One of the conversations I’ve been having is how to shift organizations into modern workplace learning. These discussions have not been with L&D, but instead targeted directly at organizational strategy. The idea is to address a particular tactical goal as part of a strategic plan, and to do so in ways that both embody and develop learning and a collaboration culture. The topic was then raised about how you’d approach an L&D unit under this picture. And I wondered whether you’d use the same approach to developing L&D as part of L&D operations. The answer isn’t obvious.
So what I’m talking about here would be to take an L&D initiative, and do it in this new way, with coaching and scaffolding. The overall model involves a series of challenges with support. You’re developing some new organizational capability, and you’d scaffold the process initially with some made up or pre-existing challenges. Then you gradually move to real challenges. So, does this model change for L&D?
My thought was that you’d take an L&D initiative, and something out of the ordinary, an experiment. Depending on the particular organization’s context, it might be performance support, or social media, or mobile, or… Then you define an experiment, and start working on it.

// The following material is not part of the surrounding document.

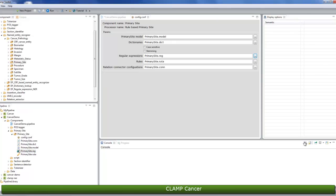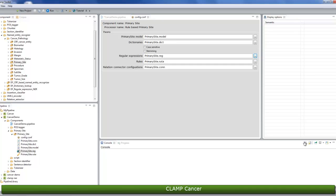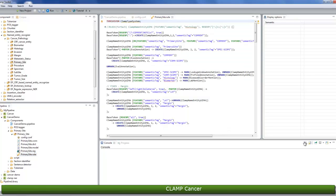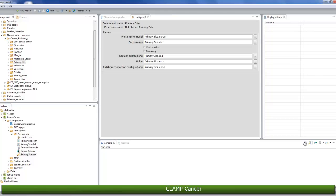In certain cases, you may need to use machine learning to post-process your data. You can do so with the rules setting. Again, similar to the primary site dictionary file, you can either edit or replace the rules file. You can edit it by double-clicking on the file in the pipeline panel or you can replace it by using the three dots button next to the field.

To develop the skills to execute, you give a team (or teams) some initial challenges: e.g. critique a design. Then more complex ones, so: design a solution to a problem someone else has solved. Finally, you give them the real task, and let them go (with support).
This isn’t slow; it’s done in sprints, and still fits in between other work. It can be done in a matter of weeks. In doing so, you’re having the team collaborate with digital tools (even if/while working F2F, but ideally you have a distributed team). Ultimately, you are developing both their skills on the process itself and on working together in collaborative ways.
In talking this through, I think this makes sense for L&D as well, as long as it’s a new capability that’s being developed. This is an approach that can rapidly develop new tactical skills and change to a culture oriented towards innovation: experimentation and iterative moves. This is the future, and yet it’s unlike most of the way L&D operates now.
Most importantly, I think, is that this opportunity is on the table now for a brief period. L&D can internally develop their understanding and ability of the new ways of working as a step towards being an organization-wide champion. The same approach taken within L&D then can be taken and used elsewhere. But it takes experience with this approach before you can scale it. Are you ready to make the shift?